Брюн наклонилась к дверце печки, седая прядь выбилась из-под чепца, свесилась с голого черепа, и вдруг старуха заскользила вниз, как бескостная кукла. Теофраст рванулся и подхватил ее, потому что ему показалось: если та полыхнет, из-под оболочки нищей попрошайки полезет что-то ужасное, как библейская железная саранча.
Старуха дернулась, проснулась и осклабилась:
— Да вы никак обжиманцы затеяли, господин лекарь? А войдет кто — так я ж девушка незамужняя, жениться придется, — и заперхала, подавившись скабрезным смешком.
— Вы задремали… — смешавшись пробормотал Теофраст.
Она взглянула на него единственным слезящимся глазом, еще раз хихикнула и съежилась под шалью.
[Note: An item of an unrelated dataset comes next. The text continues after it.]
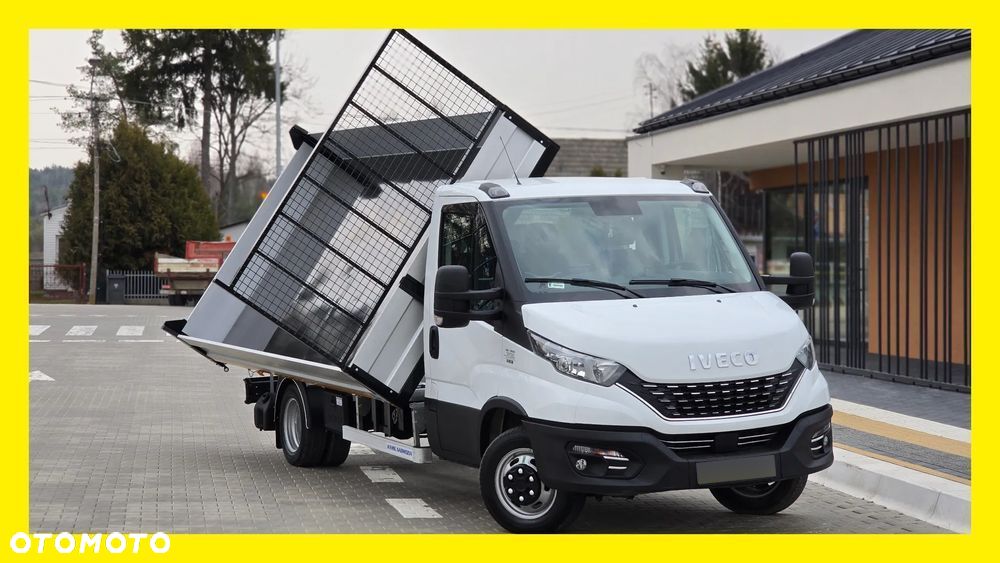 Iveco DAILY 3.0 180KM  50C18❗❗160 TYŚ PRZEBIEGU NOWY ❗️❗️MOCNY WYWROT Z PRZYSTAWKI / NOWY MODEL  / 3-STRONNA WYWROTKA KAMIL NADWOZIA / FULL OPCJA / BURTY 40CM / HAK + WYJSCIE HYDRAULICZNE DO PRZYCZEPY / SKRZYNIA MANUALNA / BLIŹNIAKI / SERWIS ASO / SALON POLSKA / 35C15 50C15 35C18❗❗ BEZ PRZEBIEGU JAK Z SALONU - NOWY -❗❗ - 1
Как можно было испугаться Старой Брюн?
Потом он часто просыпался по ночам от душного ознобного страха. Во сне мерзкая ведьма заглядывала ему в лицо, кокетливо прикрываясь растопыренными пальцами, а под ее вонючим тряпьем лязгала ржавая кираса с острым килем. И неумолимые глаза старухи прожигали его насквозь.
А наяву Брюн почти и не встречалась. То ли избегала лекаря, то ли слишком слаба была, чтоб тащиться за подаянием через весь Мартенбург. Но в апреле Теофраст увидел ее на площади: под лучами яркого весеннего солнышка старуха сидела, оседлав конскую поилку и залихватски подоткнув подол. Рядом стоял Ханс и что-то быстро зарисовывал на дощечке. Доктор подошел посмотреть. Из путаницы темно-серых штрихов возникал андрогинный пьяный труп на хохочущем коне. Особенно ужасал пронзительный, ищущий взгляд Войны сквозь ветхие, плотно сомкнутые веки.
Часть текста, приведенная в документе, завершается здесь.